**PROBLEM DETAILS:**
Looking at the listing below, retype exactly the lines starting at the one containing "Preview of Forced" and ending at the one containing "Ideal Standard ProSys", both included, and nothing else.

**DATA FOR THIS TASK:**

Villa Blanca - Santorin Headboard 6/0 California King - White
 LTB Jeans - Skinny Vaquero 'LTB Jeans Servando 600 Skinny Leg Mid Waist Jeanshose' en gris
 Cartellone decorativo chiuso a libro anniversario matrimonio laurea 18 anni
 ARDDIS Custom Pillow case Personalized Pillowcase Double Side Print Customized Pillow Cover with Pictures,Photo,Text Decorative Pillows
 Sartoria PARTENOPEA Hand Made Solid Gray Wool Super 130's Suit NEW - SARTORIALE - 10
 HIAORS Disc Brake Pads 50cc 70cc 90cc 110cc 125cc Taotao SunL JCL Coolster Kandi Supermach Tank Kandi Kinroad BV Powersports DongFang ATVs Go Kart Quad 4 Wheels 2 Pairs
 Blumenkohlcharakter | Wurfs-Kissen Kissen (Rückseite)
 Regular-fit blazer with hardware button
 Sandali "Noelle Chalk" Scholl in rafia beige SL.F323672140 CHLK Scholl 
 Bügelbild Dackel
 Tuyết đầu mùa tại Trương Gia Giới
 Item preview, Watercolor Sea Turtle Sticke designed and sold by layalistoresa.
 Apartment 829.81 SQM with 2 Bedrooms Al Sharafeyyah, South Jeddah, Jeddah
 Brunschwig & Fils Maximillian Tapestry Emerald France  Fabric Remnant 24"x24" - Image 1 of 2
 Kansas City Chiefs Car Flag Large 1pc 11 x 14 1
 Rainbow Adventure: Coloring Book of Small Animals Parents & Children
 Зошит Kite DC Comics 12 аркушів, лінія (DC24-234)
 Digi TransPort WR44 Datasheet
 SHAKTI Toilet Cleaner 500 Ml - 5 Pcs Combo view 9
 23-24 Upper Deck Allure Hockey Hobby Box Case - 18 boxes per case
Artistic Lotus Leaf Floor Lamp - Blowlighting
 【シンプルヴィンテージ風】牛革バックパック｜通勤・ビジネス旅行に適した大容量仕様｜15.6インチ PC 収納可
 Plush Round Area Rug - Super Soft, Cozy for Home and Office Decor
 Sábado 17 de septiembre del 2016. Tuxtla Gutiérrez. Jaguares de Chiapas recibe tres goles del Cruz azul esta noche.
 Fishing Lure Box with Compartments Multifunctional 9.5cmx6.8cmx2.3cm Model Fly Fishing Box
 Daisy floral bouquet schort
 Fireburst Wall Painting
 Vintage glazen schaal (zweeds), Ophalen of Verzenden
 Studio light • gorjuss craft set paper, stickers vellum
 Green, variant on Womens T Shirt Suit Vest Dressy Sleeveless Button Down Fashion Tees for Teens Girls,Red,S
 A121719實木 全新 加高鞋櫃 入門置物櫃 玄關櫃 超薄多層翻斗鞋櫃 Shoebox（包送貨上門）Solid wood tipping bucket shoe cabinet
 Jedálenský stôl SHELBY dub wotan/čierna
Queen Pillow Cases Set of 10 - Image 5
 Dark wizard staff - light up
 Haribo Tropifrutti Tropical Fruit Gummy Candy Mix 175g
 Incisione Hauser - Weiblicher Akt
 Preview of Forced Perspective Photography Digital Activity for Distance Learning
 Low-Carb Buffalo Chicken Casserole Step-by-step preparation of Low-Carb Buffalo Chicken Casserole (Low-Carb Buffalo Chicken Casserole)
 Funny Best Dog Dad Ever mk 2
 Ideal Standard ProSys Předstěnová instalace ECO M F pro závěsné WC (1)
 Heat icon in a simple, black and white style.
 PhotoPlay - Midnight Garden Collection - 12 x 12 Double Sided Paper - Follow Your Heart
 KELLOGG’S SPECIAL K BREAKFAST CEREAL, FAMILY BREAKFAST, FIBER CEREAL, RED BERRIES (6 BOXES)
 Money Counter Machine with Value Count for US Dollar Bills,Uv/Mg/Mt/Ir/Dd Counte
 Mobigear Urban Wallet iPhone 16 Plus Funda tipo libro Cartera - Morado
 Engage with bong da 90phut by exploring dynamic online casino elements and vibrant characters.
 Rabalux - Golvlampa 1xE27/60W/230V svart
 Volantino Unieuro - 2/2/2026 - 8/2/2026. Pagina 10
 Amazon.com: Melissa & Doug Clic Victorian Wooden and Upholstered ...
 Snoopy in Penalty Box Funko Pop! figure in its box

**ANSWER:**
 Preview of Forced Perspective Photography Digital Activity for Distance Learning
 Low-Carb Buffalo Chicken Casserole Step-by-step preparation of Low-Carb Buffalo Chicken Casserole (Low-Carb Buffalo Chicken Casserole)
 Funny Best Dog Dad Ever mk 2
 Ideal Standard ProSys Předstěnová instalace ECO M F pro závěsné WC (1)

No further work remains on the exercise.